(Provided information):
- - -

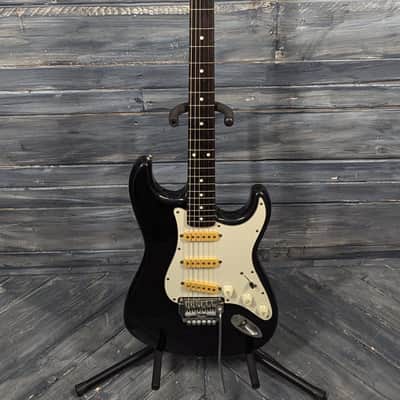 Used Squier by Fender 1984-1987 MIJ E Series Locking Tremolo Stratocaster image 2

- - -

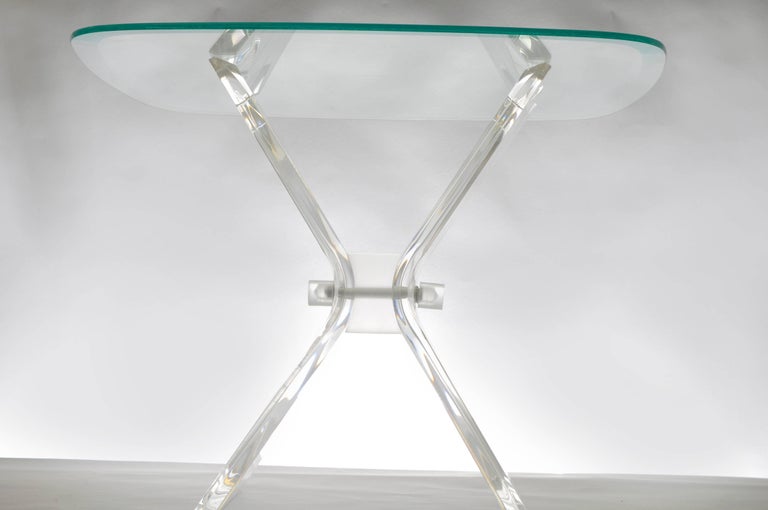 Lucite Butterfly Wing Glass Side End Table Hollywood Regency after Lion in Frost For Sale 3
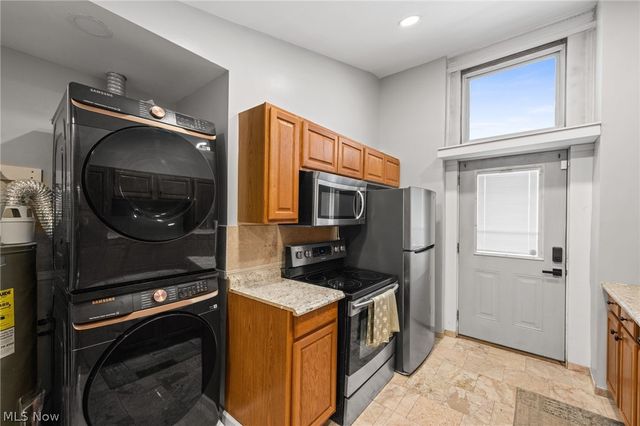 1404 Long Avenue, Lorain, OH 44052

- - -

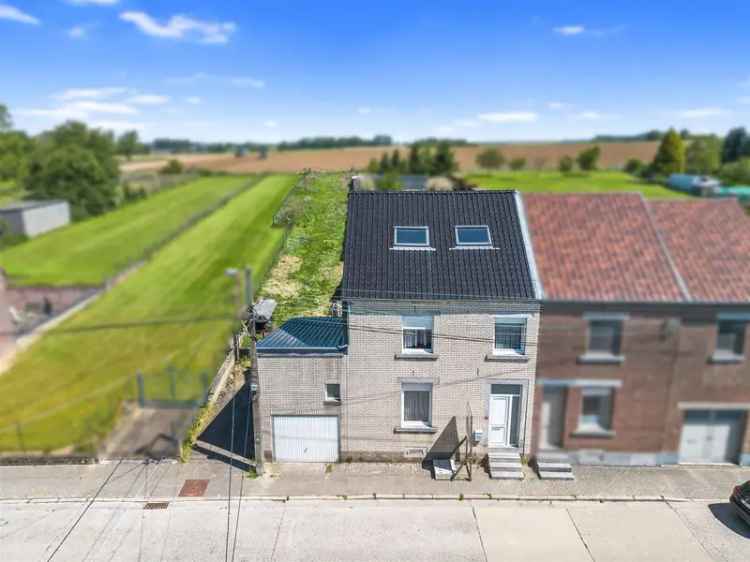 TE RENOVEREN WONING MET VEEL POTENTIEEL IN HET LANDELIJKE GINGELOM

- - -

(Task item):
Would you transcribe the lines above exactly, going from the line bearing "Lucite Butterfly Wing" through the line bearing "1404 Long Avenue, Lorain, OH 44052", and drop the pictures from the copy?

(Result):
 Lucite Butterfly Wing Glass Side End Table Hollywood Regency after Lion in Frost For Sale 3
 1404 Long Avenue, Lorain, OH 44052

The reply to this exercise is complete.